> _Dataset excerpts_:
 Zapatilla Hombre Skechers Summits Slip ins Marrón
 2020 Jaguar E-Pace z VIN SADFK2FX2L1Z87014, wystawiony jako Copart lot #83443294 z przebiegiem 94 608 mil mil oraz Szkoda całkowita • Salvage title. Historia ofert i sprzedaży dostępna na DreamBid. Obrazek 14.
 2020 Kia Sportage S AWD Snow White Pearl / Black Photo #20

==

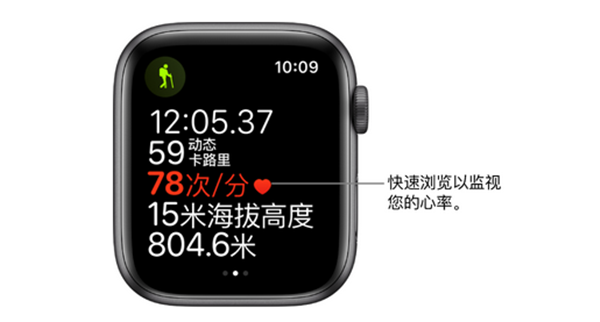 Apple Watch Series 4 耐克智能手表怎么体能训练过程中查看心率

> _Action item_: Starting at the line that has "2020 Jaguar E-Pace" and ending at the line that has "2020 Kia Sportage", please write out the lines above exactly, leaving out all others.

> _Reply to the exercise_:
 2020 Jaguar E-Pace z VIN SADFK2FX2L1Z87014, wystawiony jako Copart lot #83443294 z przebiegiem 94 608 mil mil oraz Szkoda całkowita • Salvage title. Historia ofert i sprzedaży dostępna na DreamBid. Obrazek 14.
 2020 Kia Sportage S AWD Snow White Pearl / Black Photo #20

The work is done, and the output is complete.